Yet, as much as that kind of local buy-in counts in the case of the Poweshiek skipperling, it’s nothing compared to the level of cooperation, acceptance, investment and adaptation that’s going to be needed to achieve the “structural” interventions and transformational actions that Nature Canada’s Sreenivasan advocates — and which living up to Canada’s GBF commitments requires.

For a clearer glimpse of what that might look like, David Browne, director of conservation at the Canadian Wildlife Federation, points to actions now underway on the east coast to help save the North Atlantic right whale.

“They’re one of the most endangered species on the planet,” says Browne, citing a 2018 population tally that counted just 72 females. Despite the low number, however, Browne says there’s still reason for optimism.

“There are two things killing these animals: ships and fishing gear. So we know why they’re dying,” says Browne. “So both Canada and the U.S. have been taking major actions like transforming shipping practices down in the U.S., speeds in particular; changing the gear that fisherman fish with; and closing vast areas of the ocean to fishing to try and let these guys recover.”

On a global scale, Browne says, the transformations required under the GBF essentially come down to rethinking the way we feed ourselves, house ourselves, conduct transport and trade. “That’s what it’s all about.
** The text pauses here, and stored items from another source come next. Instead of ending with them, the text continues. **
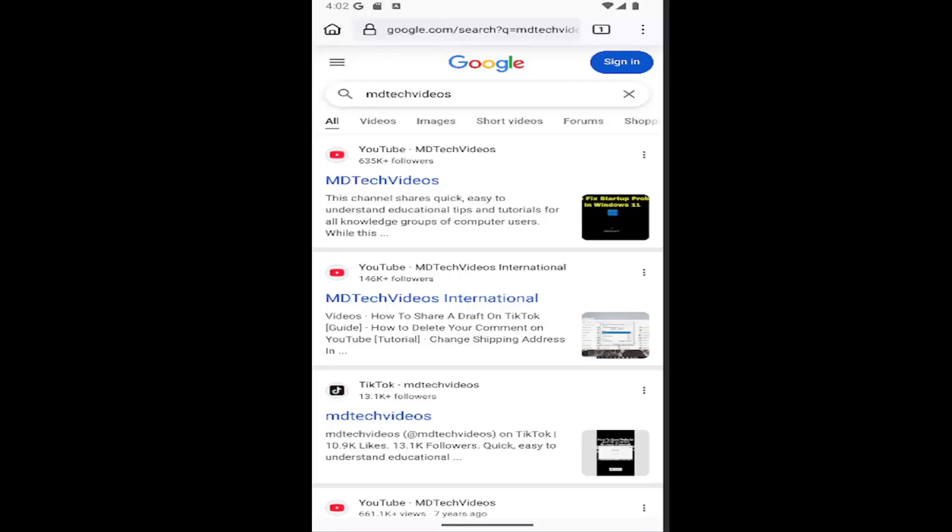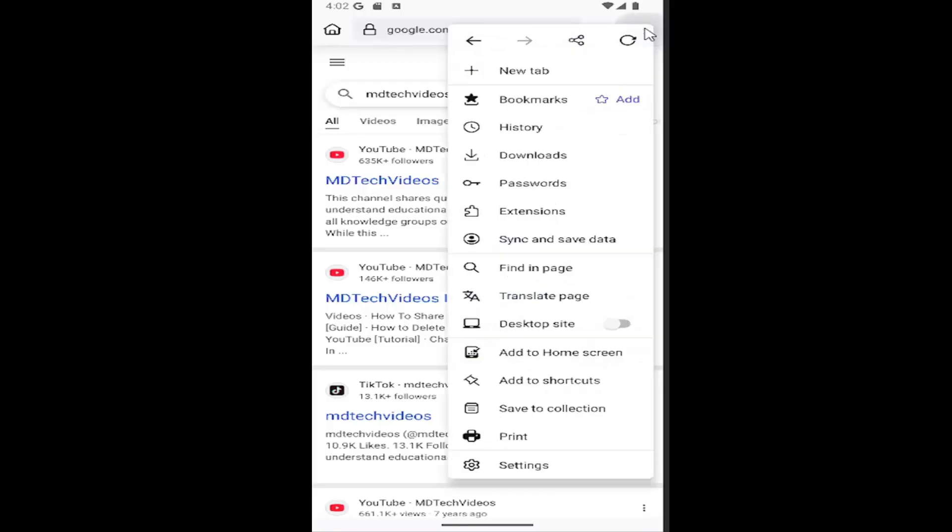So this should hopefully be a pretty straightforward process here. And without further ado, let's go ahead and jump right into it. So all you have to do is select the three-dotted icon in the top right corner of Firefox and then select the Extensions button.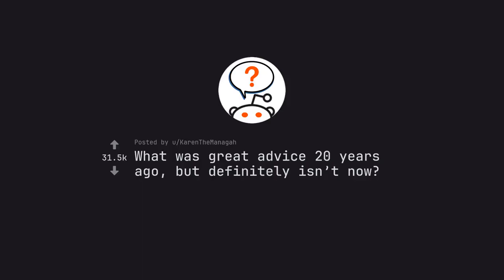Ask Reddit by Karen the Maniga. What was great advice 20 years ago, but definitely isn't now.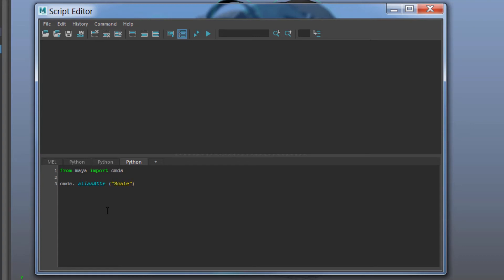And then comma, followed by the naming, the address that's basically the naming of the control and channel that you're targeting. My naming is called global underscore grp dot, and dot means go one level lower and target the channel that you have.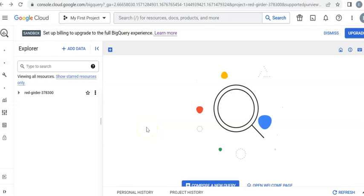Hi, here I'm going to show you how to upload a dataset into a database using BigQuery Sandbox.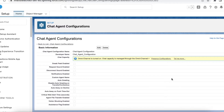Hello everyone. In this video we are going to see Salesforce chat transfer to skill in Lightning Experience. It is slightly different when compared to classic Salesforce chat, so we are going to see how to transfer a chat to a skill in Salesforce Lightning via Omni-Channel.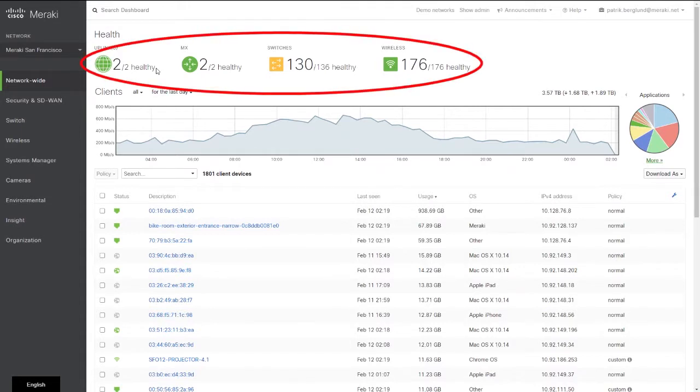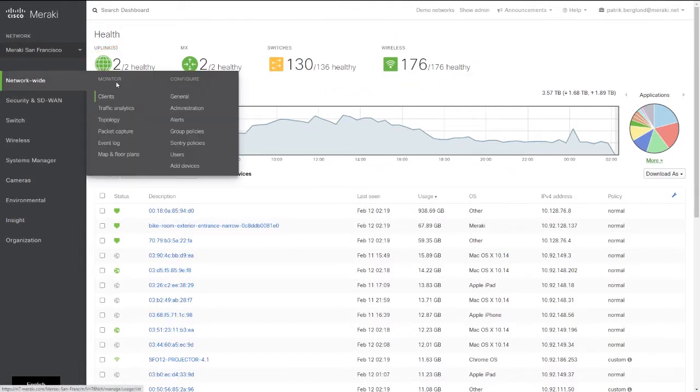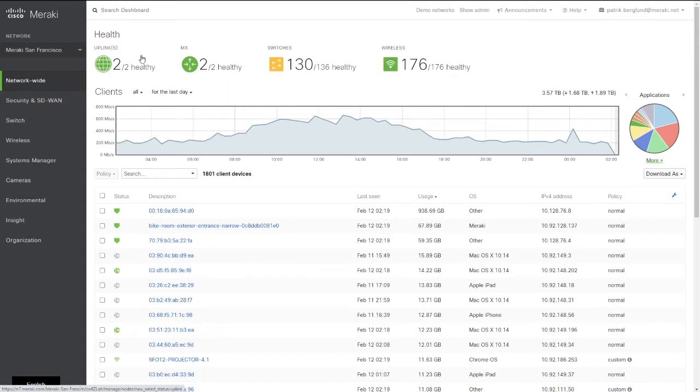With the new Meraki Network Health widget, which you can find under Networkwide and Clients, you get a snapshot view of all available devices' statuses in one place.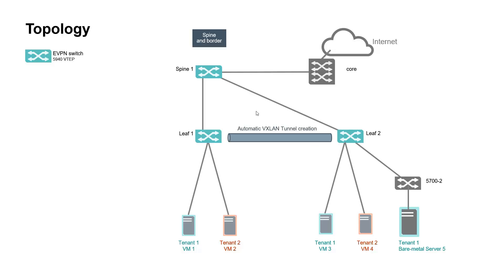In most cases, the spine is not aware of any Layer 2 domain, and no VXLAN tunnel is terminated on this unit. However, due to limited number of equipment in this lab, spine 1 is also used as a border gateway.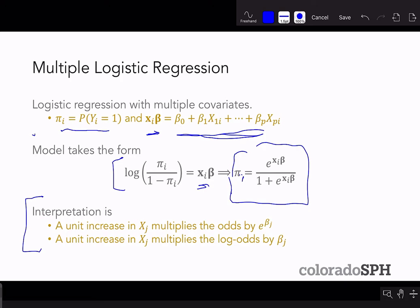The general interpretation for this model is that a unit increase in x_j multiplies the odds by e to the beta_j. Or similarly, a unit increase in x_j multiplies the log odds by beta_j.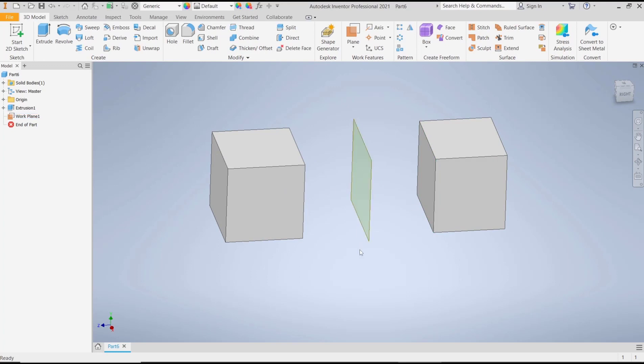Okay, that's it for this basic Inventor tutorial on how to create a plane between two faces. If you have any questions about this tutorial, you can comment below this video.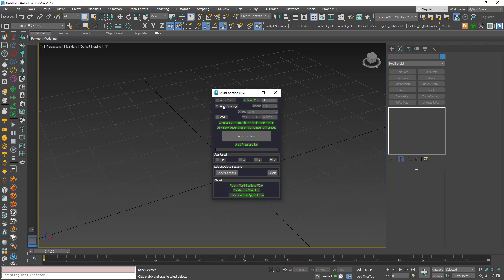There is also an offset option. For example, on the Z-axis, if you don't want the section process to start from the bottom, you can set an offset of 0.1, so the section creation starts from 10 centimeters up from the bottom and then continues upward. This offset works for all three axes.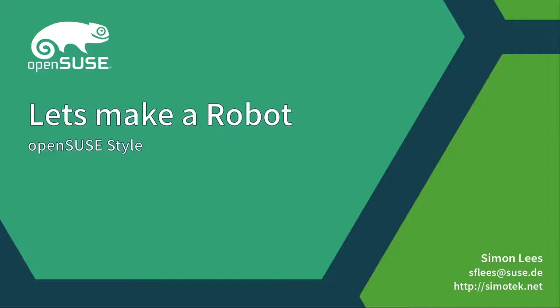I think we're there. So my name's Simon Lees, I work for SUSE, and today I'm going to talk to you about robots, which is a hobby, something I've done in my spare time for, well I used to do in my spare time and I've had a bit less time of late.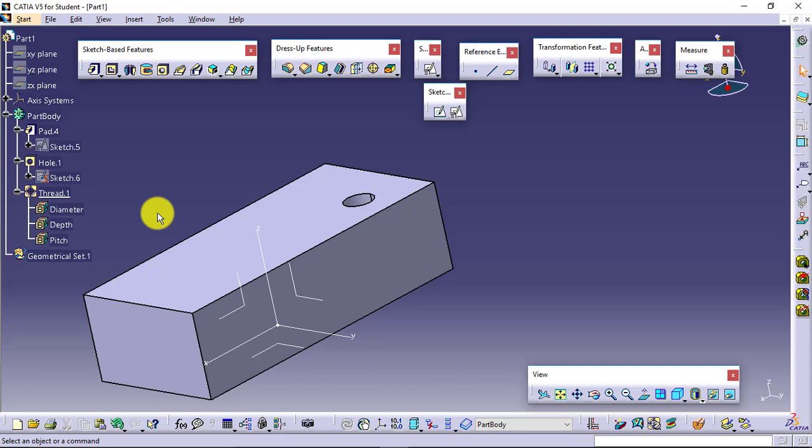This was all about your hole and its type, how we can apply the threads, how we can position the hole. The most important part is how we can position the hole, because until unless you position the hole, there is no point in producing the hole. This positioning of hole will also support you when you generate programs, when you generate the hole tables in your manufacturing drawings. So remember it and practice it. Thank you.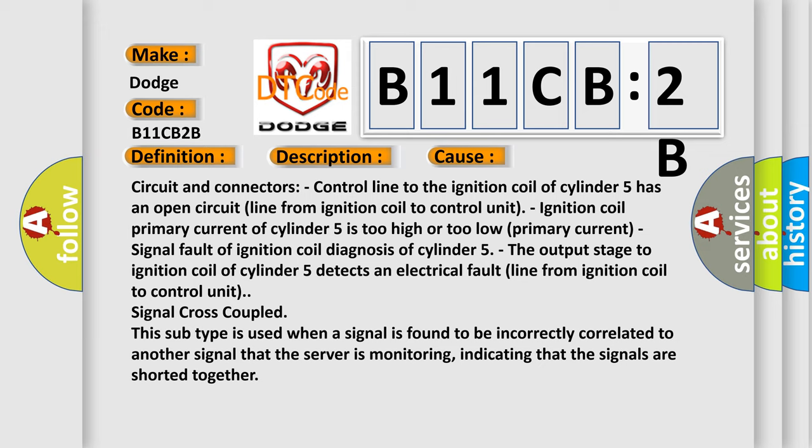Primary current signal fault of ignition coil diagnosis of cylinder 5. The output stage to ignition coil of cylinder 5 detects an electrical fault line from ignition coil to control unit. Signal cross-coupled.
How do you do that with nine billion people and not wipe out the system that sustains it all, which is biodiversity?”

The term used in the parts of the GBF that refer to these kinds of systemic changes is “mainstreaming.” What it means in a practical sense, adds Butchart, is that it is no longer enough to treat biodiversity as an issue solely for the environment ministry.

“We need nature fully integrated into what the transport ministry is doing, what the mining ministry is doing, what the energy infrastructure ministry is doing … all the way through the treasury and finance ministry,” he says. “We cannot solve this crisis unless it’s all of society, all of government, working together in an integrated way.”